On 29 May 2007, Canadian Minister of Citizenship and Immigration Diane Finley announced her proposal to amend the Citizenship Act. Under the proposal, anyone naturalized in Canada since 1947 would have citizenship even if they lost it under the 1947 Act. Also, anyone born since 1947 outside the country to a Canadian mother or father, in or out of wedlock, would have citizenship if they are the first generation born abroad.[44] Appearing before the Standing Committee on Citizenship and Immigration, Finley asserted that as of 24 May 2007, there were only 285 cases of individuals in Canada whose citizenship status needs to be resolved.[45] Under the proposed legislation, anyone born before 1947 to a Canadian citizen abroad would be dealt with on a case-by-case basis; such individuals would have to apply for a ministerial permit.[46]

Bill C-37, which received Royal Assent on 17 April 2009, amended the Citizenship Act to give Canadian citizenship to those who lost or never had it, due to outdated provisions in existing and former legislation.

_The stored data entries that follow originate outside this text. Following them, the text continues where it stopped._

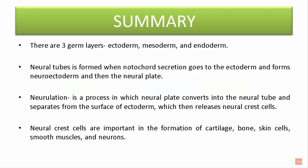Now let's summarize what we learned today. There are three germ layers: ectoderm, mesoderm, and endoderm. The neural tube is formed when notochord secretions go to the ectoderm and form the neuroectoderm and later the neural plate. Neurulation is the process in which the neural plate converts into the neural tube and separates from the surface ectoderm, which then releases neural crest cells. Neural crest cells are important in the formation of cartilage, bone, skin cells, smooth muscles, and neurons.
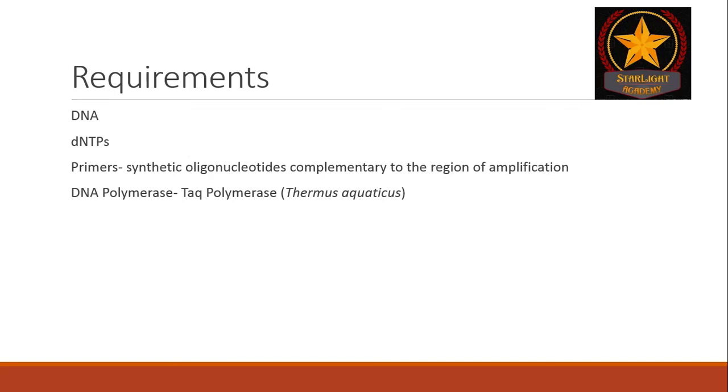Whereas, since Taq polymerase is extracted from an Archaebacterium named Thermus aquaticus, it is thermostable, and so it doesn't denature easily or it remains active at high temperature in a PCR machine.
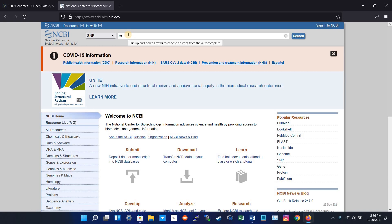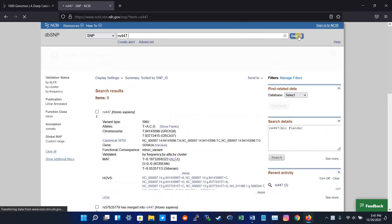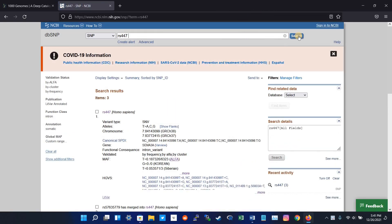For example, I want to see the frequency of this variant RS447 in Thousand Genome. So let's search. Here I got the results. I click this ID for Homo sapiens.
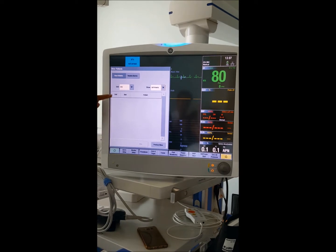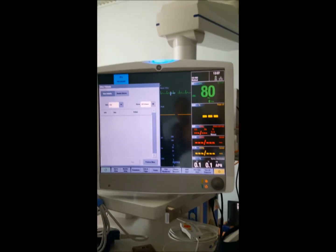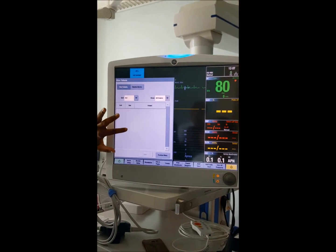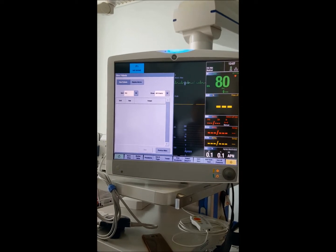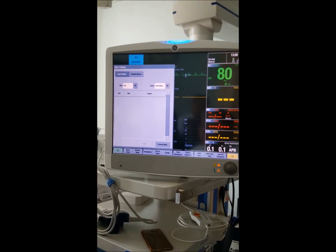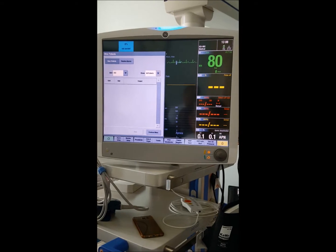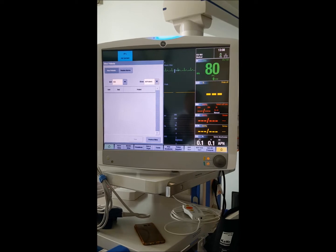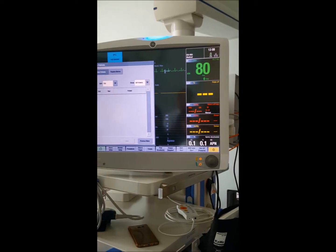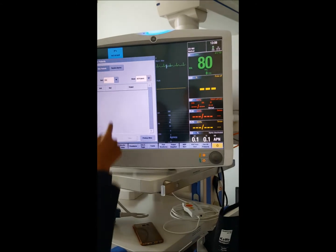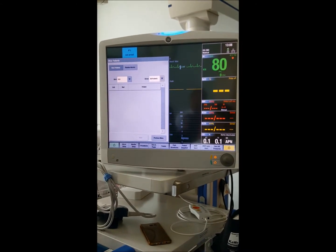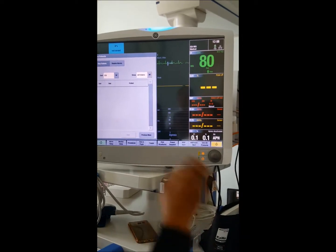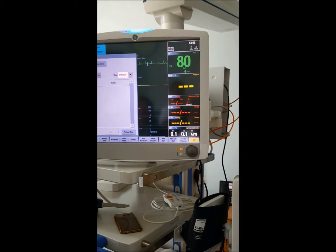When you press 'Other Patients,' a list of bed numbers appears — for example, all 16 ICU beds. Press bed number five and it will show the real-time screen of that bed. This is useful for nurses managing two beds at once, so they can monitor patients on screen without running around. You can view two patients at the same time: your current patient and one viewed patient.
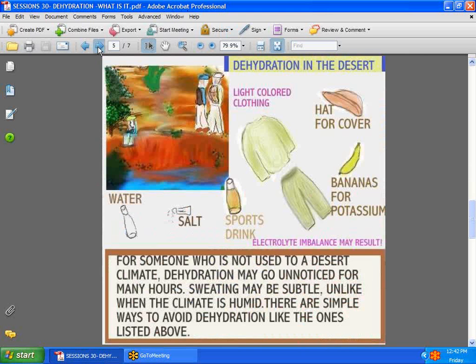Next, we have people who go outdoors. Some people are not familiar with the desert climate. When you're in a dry environment, you don't realize you're sweating because it's not as obvious as in a humid climate. Sweating can be very subtle, and consequently these patients can wind up being dehydrated and having electrolyte imbalances.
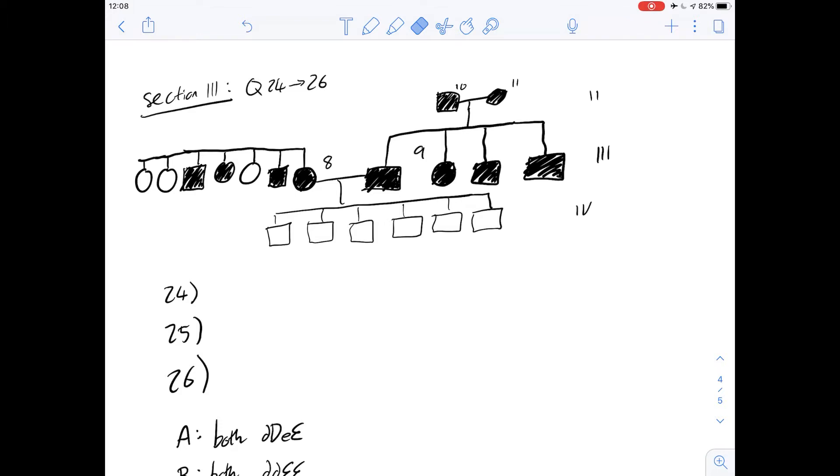Hi, I'm Carl, and in this video we're going to look at questions 24 to 26 of section 3 of the purple booklet. This is about genetic inheritance of deaf-mute genes.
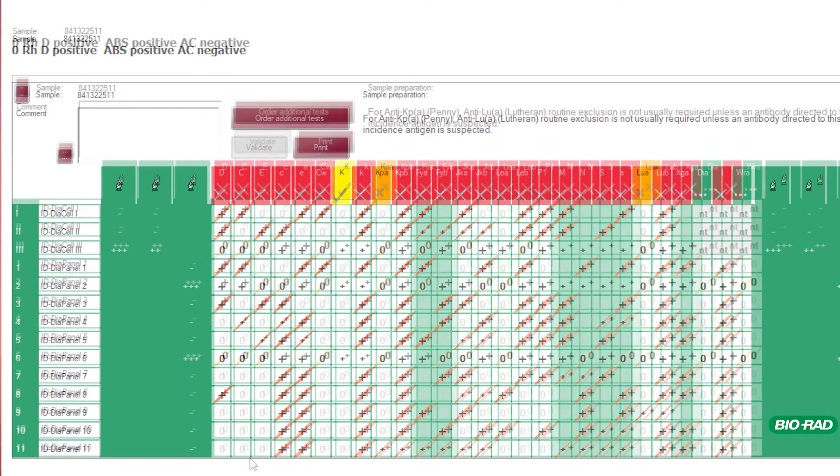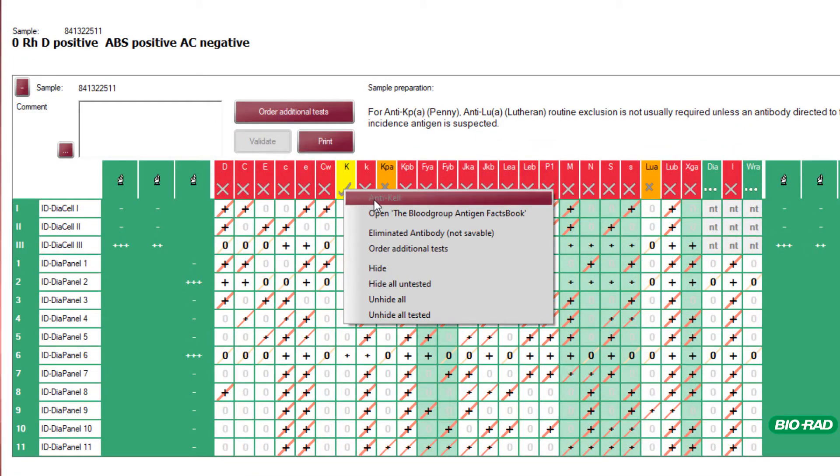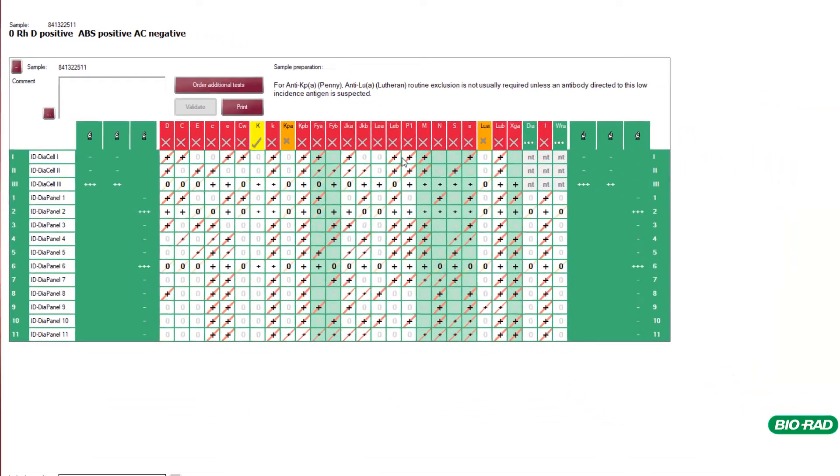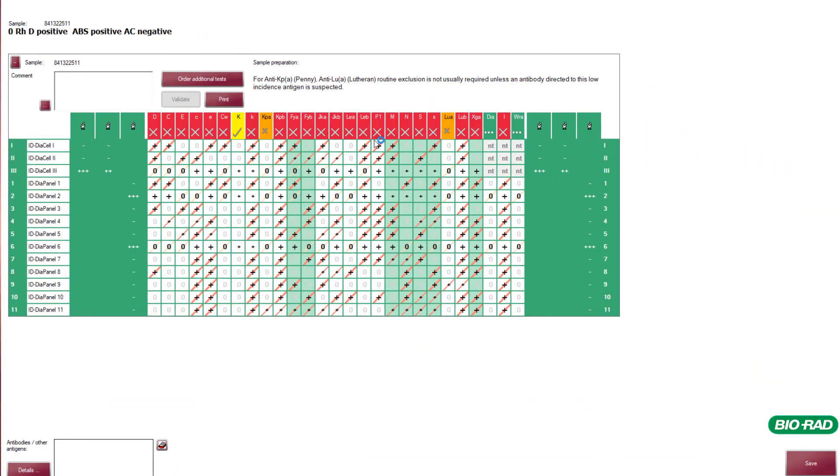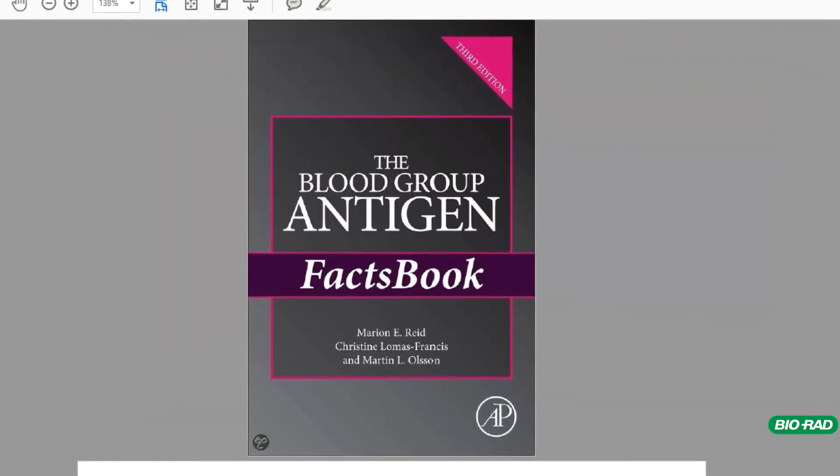The antibody identification software incorporates the blood group antigens fact book. By selecting any of the antigens it will take you to the corresponding page for further reading.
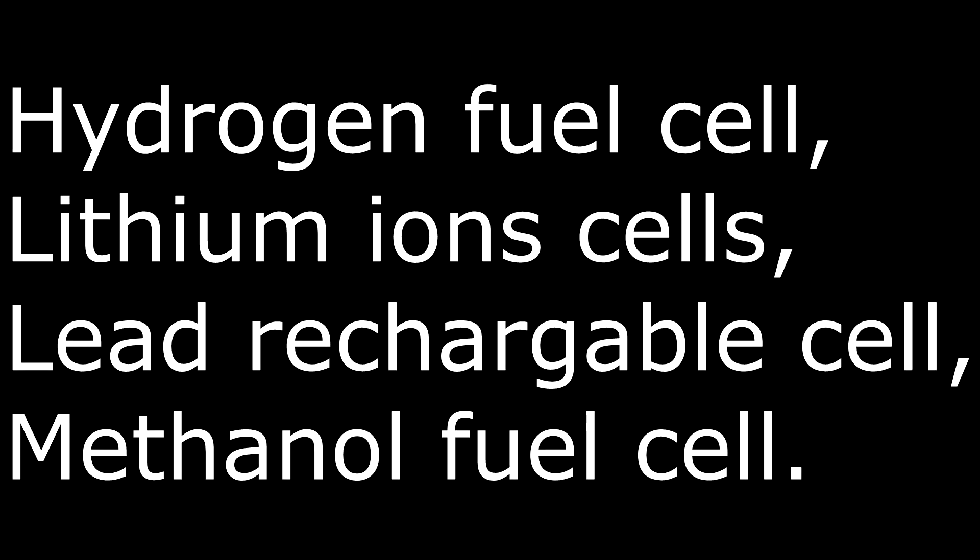Hydrogen fuel cell, lithium-ion cells - rechargeable cell, methanol fuel cell.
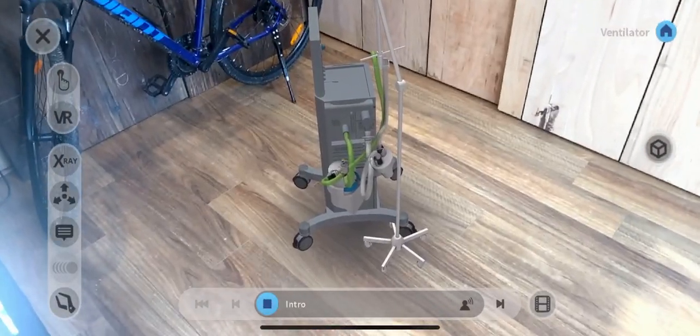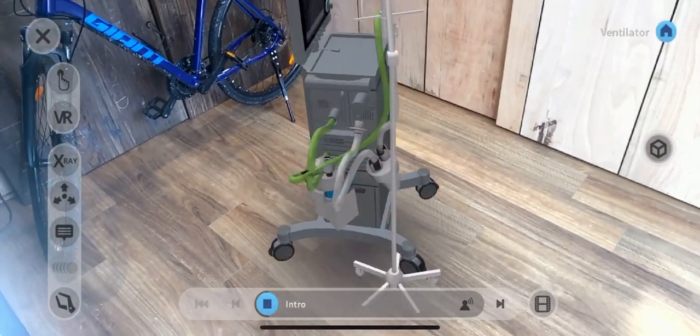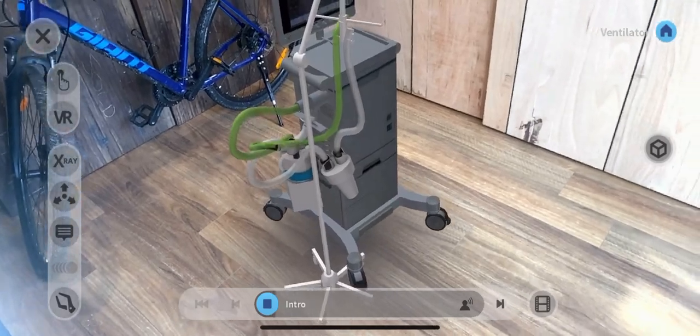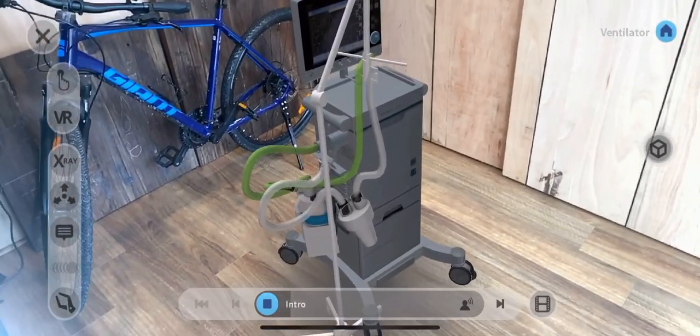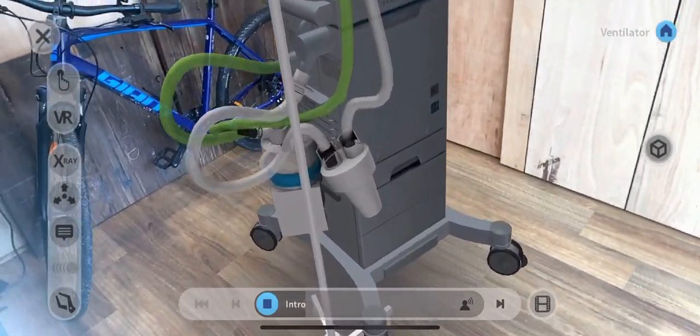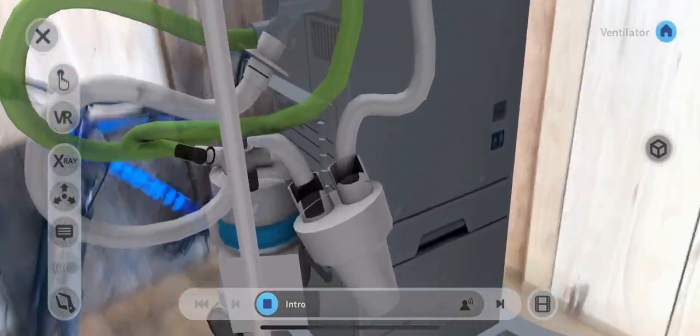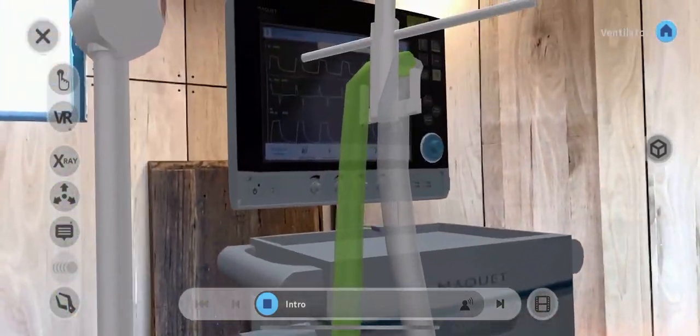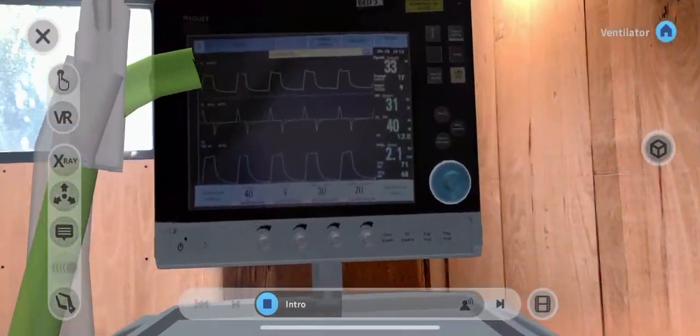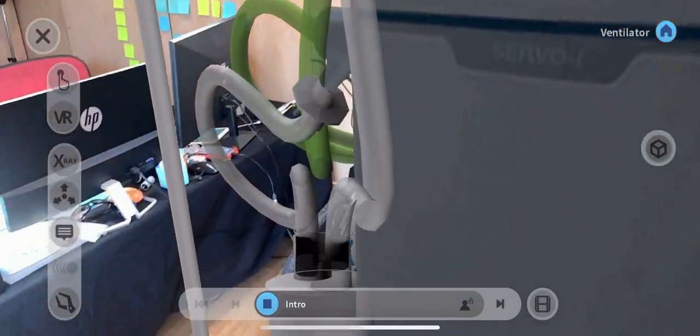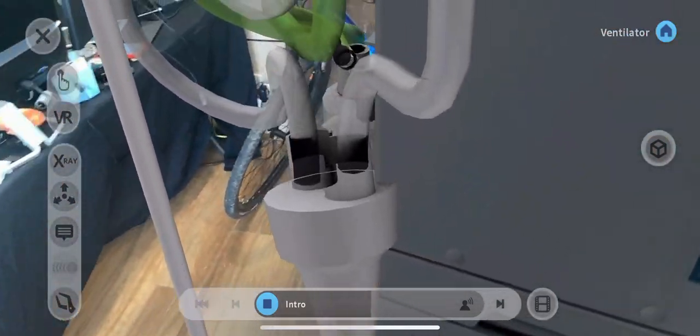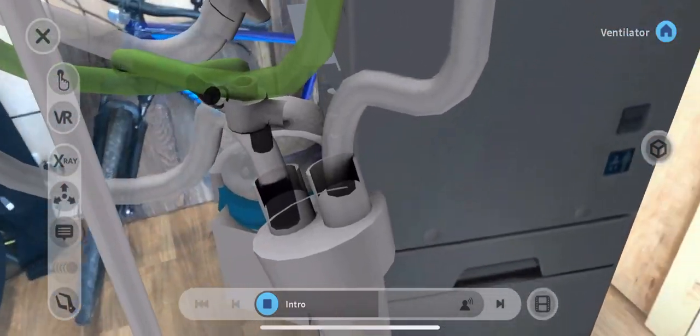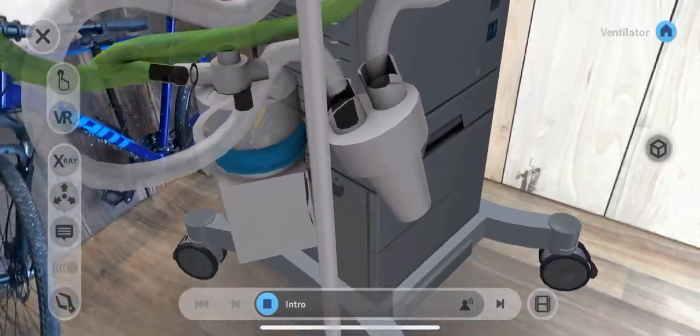Maquet Servoi ventilators are an essential part of patient care to assist with breathing and patient ventilation. The Servoi model can be used on all sizes of patients, which makes this lesson more relevant. There are two primary topics covered in this lesson. You will be challenged to successfully complete the tasks assigned to you from inside this application.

The law came into effect on 17 April 2009.

Bill C-24, which came into force on June 11, 2015, further extended citizenship to additional "Lost Canadians" on that date, who were born before 1947 and did not become citizens on January 1, 1947 when the first Canadian Citizenship Act came into effect. The extension also applies to their first generation children born outside of Canada.

Renunciation of citizenship[edit]

A Canadian citizen who wishes to voluntarily renounce his or her citizenship must make an application directly to the Federal government, and he or she ceases to be a Canadian citizen only after the Federal government has approved such request. Renouncing Canadian citizenship to a foreign government (such as by taking the Oath of Allegiance to the United States) is not sufficient in itself to be considered as a voluntary renunciation of Canadian citizenship.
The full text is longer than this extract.